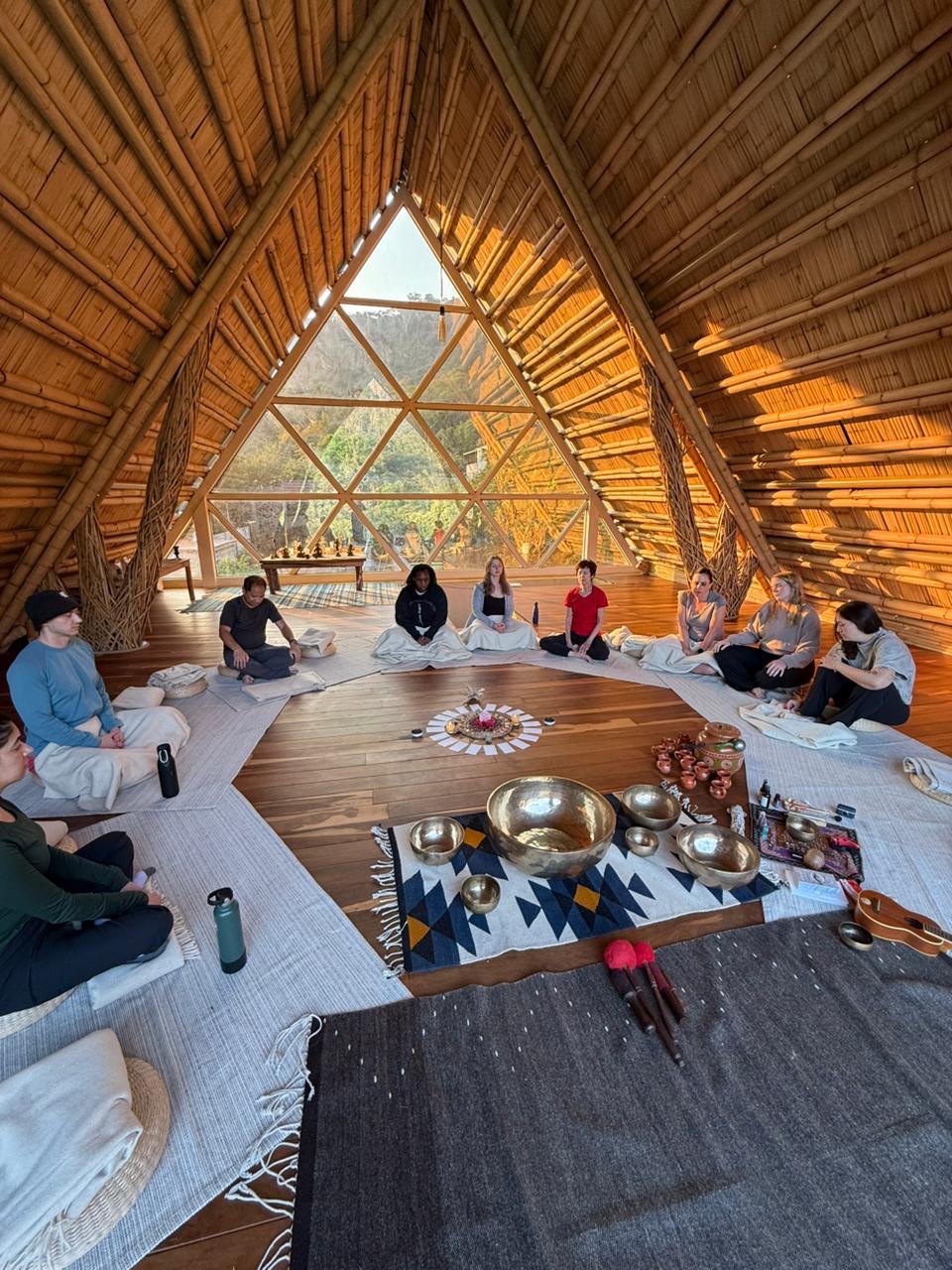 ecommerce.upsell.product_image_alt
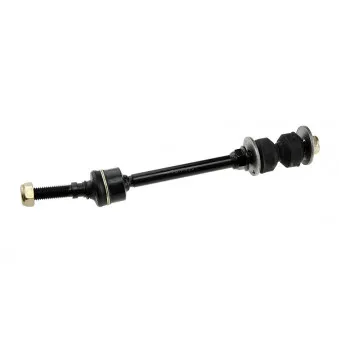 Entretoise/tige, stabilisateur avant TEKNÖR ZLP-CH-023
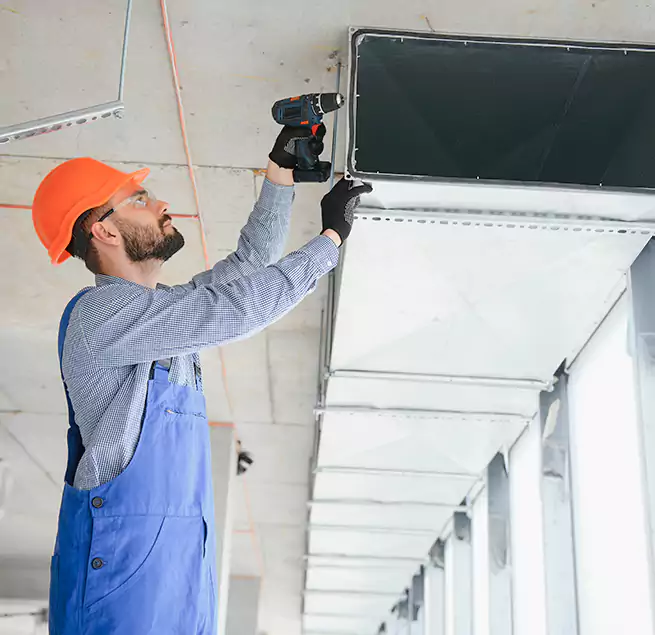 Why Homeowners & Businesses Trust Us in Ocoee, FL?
==
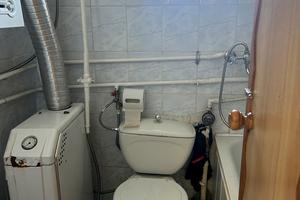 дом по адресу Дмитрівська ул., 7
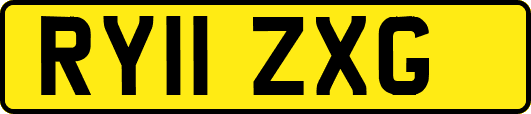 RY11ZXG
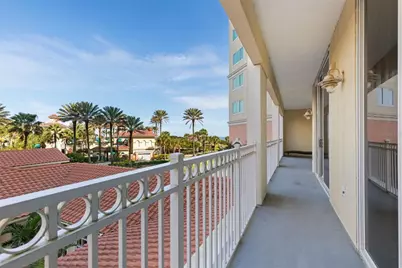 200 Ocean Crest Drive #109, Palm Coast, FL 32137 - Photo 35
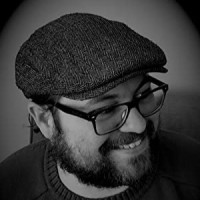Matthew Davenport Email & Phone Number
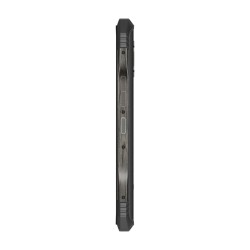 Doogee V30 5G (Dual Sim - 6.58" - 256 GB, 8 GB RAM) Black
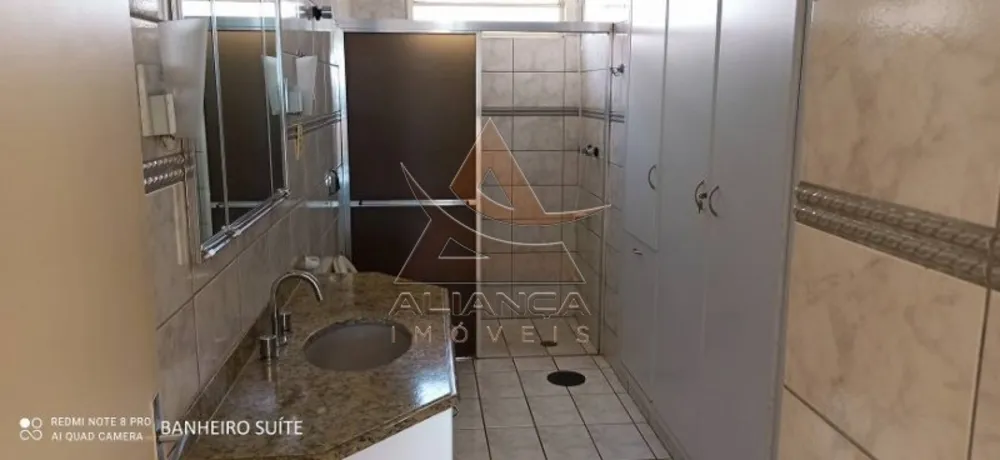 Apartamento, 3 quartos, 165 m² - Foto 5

### Requirement:
The response must repeat exactly the lines above from the one with "Doogee V30 5G" through the one with "Apartamento, 3 quartos, 165 m² - Foto 5", including both, and must contain no pictures and no other text.

### Exercise result:
 Doogee V30 5G (Dual Sim - 6.58" - 256 GB, 8 GB RAM) Black
 Apartamento, 3 quartos, 165 m² - Foto 5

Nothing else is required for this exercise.